> **Task directions**:
Transcribe the entries below exactly, starting with the line that has "Person wearing a" and stopping after the line that has "Fototapeta container ship, fully"; no pictures belong in the copy.

> **Records provided**:
++++++++

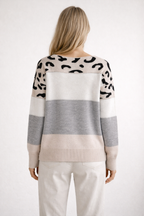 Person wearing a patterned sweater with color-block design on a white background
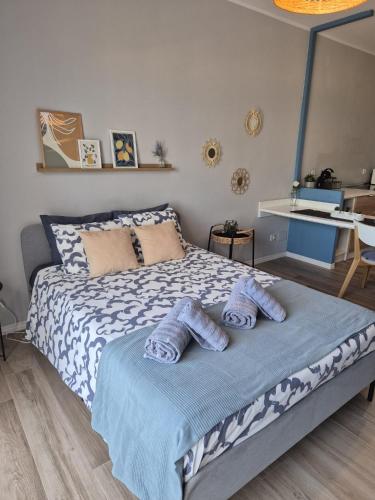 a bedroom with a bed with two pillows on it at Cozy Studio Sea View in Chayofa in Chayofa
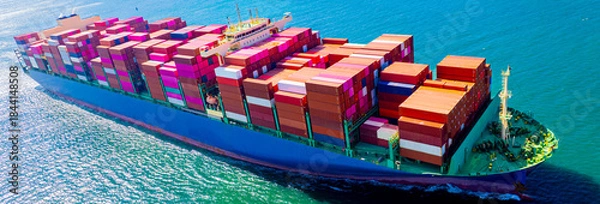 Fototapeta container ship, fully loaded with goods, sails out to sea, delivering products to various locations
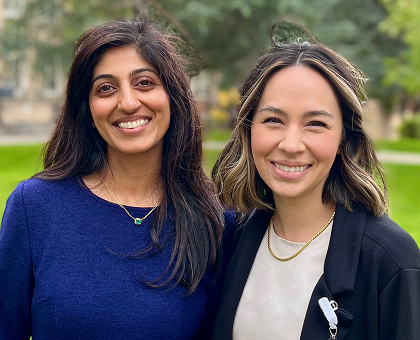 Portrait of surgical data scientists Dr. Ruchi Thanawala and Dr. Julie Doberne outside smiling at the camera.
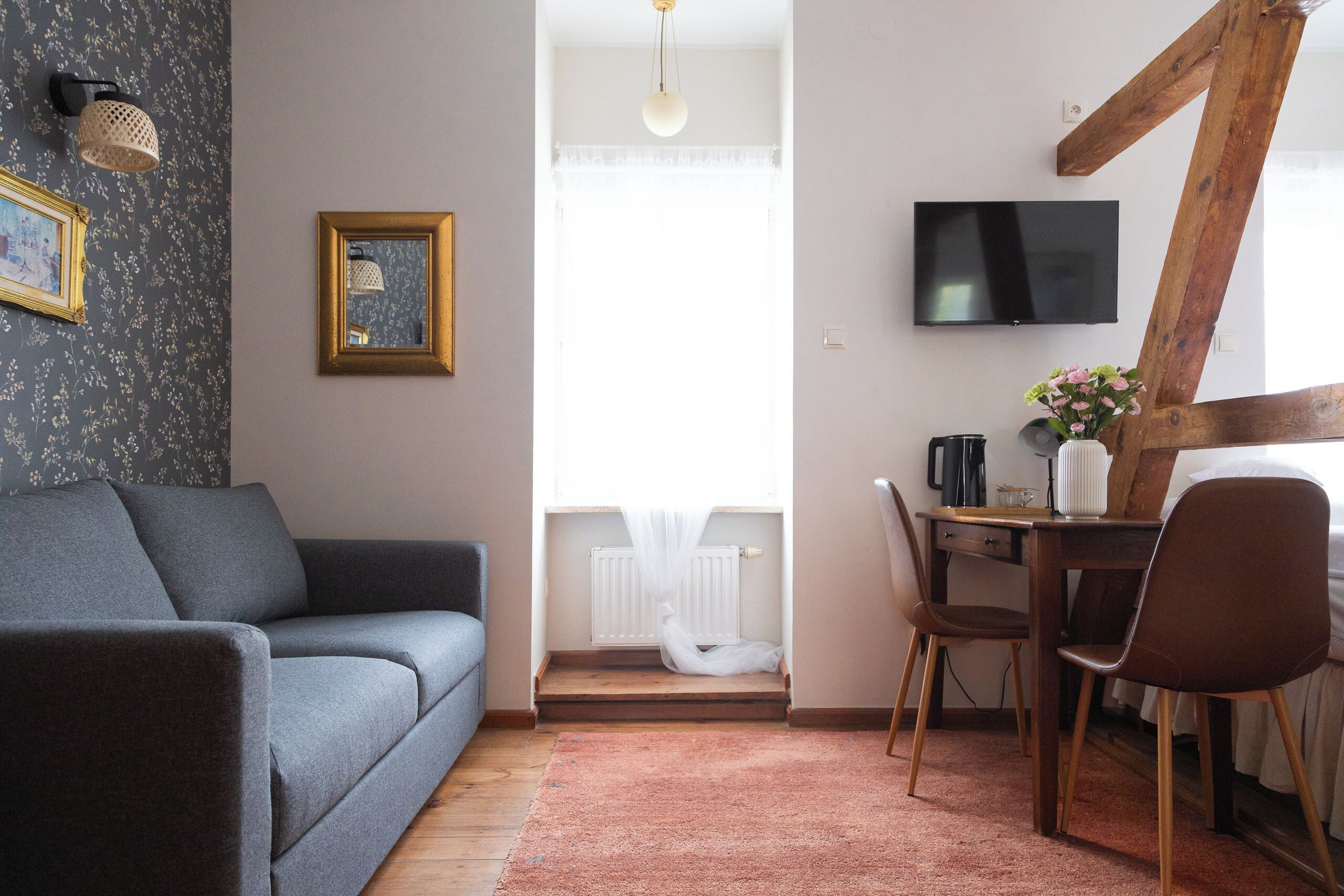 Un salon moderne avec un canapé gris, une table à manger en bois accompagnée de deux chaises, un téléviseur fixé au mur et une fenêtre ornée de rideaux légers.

++++++++

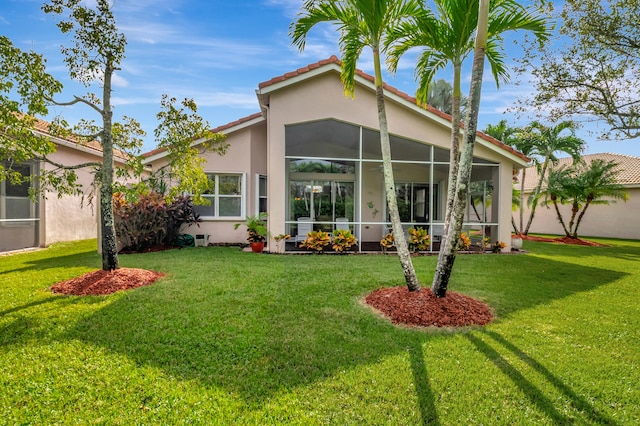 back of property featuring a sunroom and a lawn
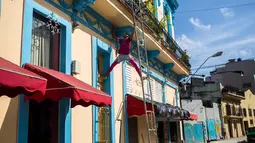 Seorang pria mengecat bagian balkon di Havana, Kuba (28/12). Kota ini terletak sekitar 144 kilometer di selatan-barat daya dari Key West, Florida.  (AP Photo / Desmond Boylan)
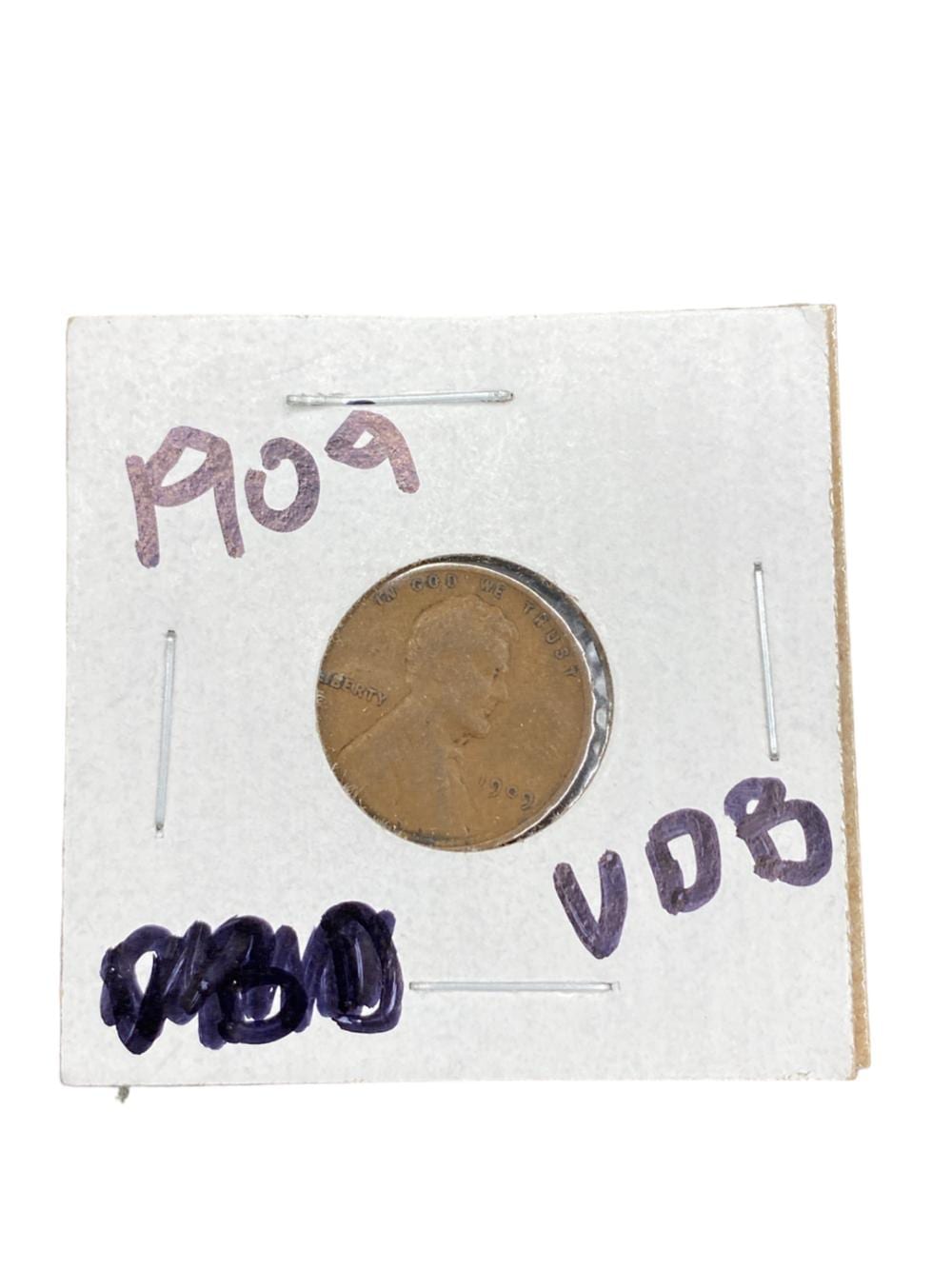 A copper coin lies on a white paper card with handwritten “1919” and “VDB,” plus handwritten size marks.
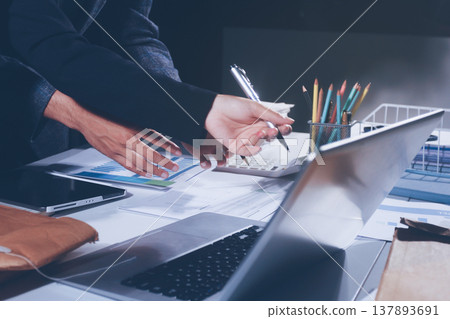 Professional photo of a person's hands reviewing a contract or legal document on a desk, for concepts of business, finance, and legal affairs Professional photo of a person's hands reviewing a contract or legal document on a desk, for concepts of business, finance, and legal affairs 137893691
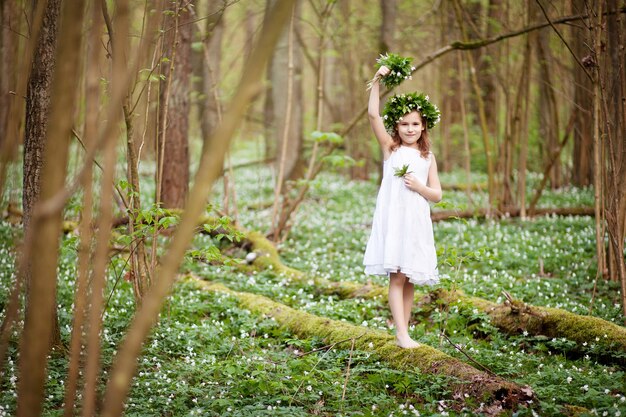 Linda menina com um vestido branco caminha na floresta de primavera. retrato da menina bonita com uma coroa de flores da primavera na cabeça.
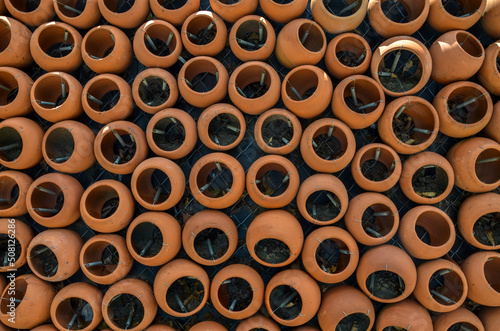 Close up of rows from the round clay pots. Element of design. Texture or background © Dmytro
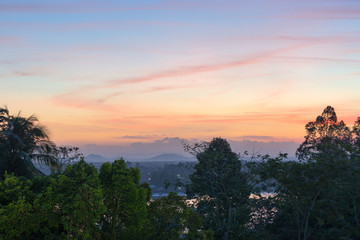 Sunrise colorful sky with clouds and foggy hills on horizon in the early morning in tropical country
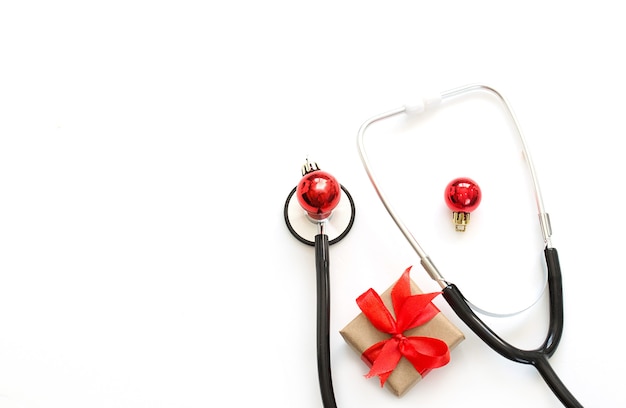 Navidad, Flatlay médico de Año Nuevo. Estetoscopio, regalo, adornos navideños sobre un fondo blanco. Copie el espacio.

++++++++

> **Task result**:
 Person wearing a patterned sweater with color-block design on a white background
 a bedroom with a bed with two pillows on it at Cozy Studio Sea View in Chayofa in Chayofa
 Fototapeta container ship, fully loaded with goods, sails out to sea, delivering products to various locations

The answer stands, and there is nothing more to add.